M. Plourde affirme que les espèces qui semblent être les plus touchées sont de minuscules organismes, comme le krill et le plancton, qui sont tout aussi importants, car ils forment la base de la chaîne alimentaire. Les scientifiques notent déjà des changements graduels dans la présence de différentes espèces et le moment des pics de population, ce qui, selon M. Plourde, pourrait éventuellement avoir un effet en cascade sur toutes les espèces qui en dépendent.

Un mélange unique de courants

Mathilde Jutras, candidate au doctorat en océanographie à l’Université McGill qui étudie les changements de température, soutient que le réchauffement dans le golfe du Saint-Laurent a été plus dramatique que dans certaines zones océaniques ouvertes, en partie à cause de son mélange unique de courants.

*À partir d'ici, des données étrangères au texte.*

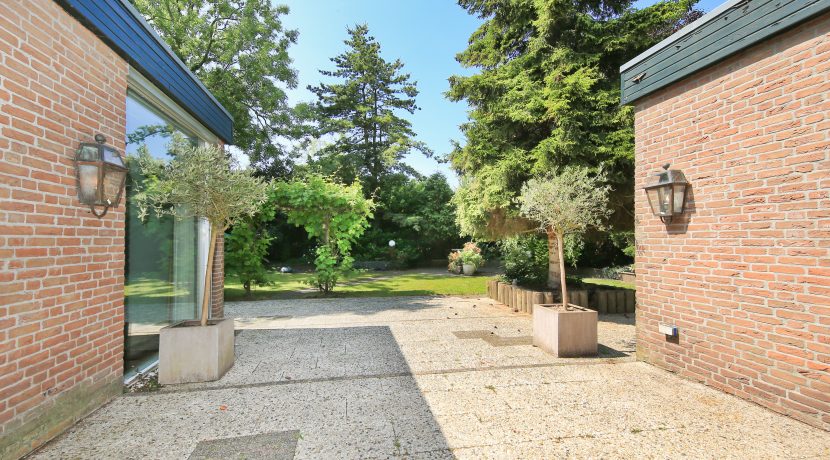 33 Robert Koch 6 Tuin 01d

Elle dit qu’au cours des dernières années, il y a eu une augmentation de la quantité d’eau provenant du courant du Gulf Stream qui se réchauffe et une diminution provenant du courant plus froid du Labrador.

« Parce qu’il est situé à l’intersection du Gulf Stream et du courant du Labrador, il est très sensible à ce qui se passe dans ces courants, affirme-t-elle. C’est un peu comme le canari dans la mine de charbon des changements que nous constatons dans l’océan Atlantique Nord. »

Parallèlement, elle affirme qu’il y a eu une augmentation des zones d’eau profonde à faible teneur en oxygène, ce qui complique l’épanouissement des espèces.

En surface, dit-elle, il y a eu moins de glace de mer, ce qui pourrait signifier plus de mélange des différentes couches d’eau du golfe pendant les tempêtes.

Tous les trois disent que des études supplémentaires sont nécessaires pour savoir comment la confluence de différents changements affectera finalement la vie dans le golfe.

M. Archambault dit qu’il y a un risque que l’écosystème atteigne un point de « basculement » provoqué par la combinaison de différents facteurs de stress, notamment le réchauffement des températures, l’acidification, l’augmentation du trafic maritime et les tempêtes hivernales.

Ces facteurs de stress semblent tous augmenter, et les scientifiques tentent de comprendre leur interaction, souligne-t-il.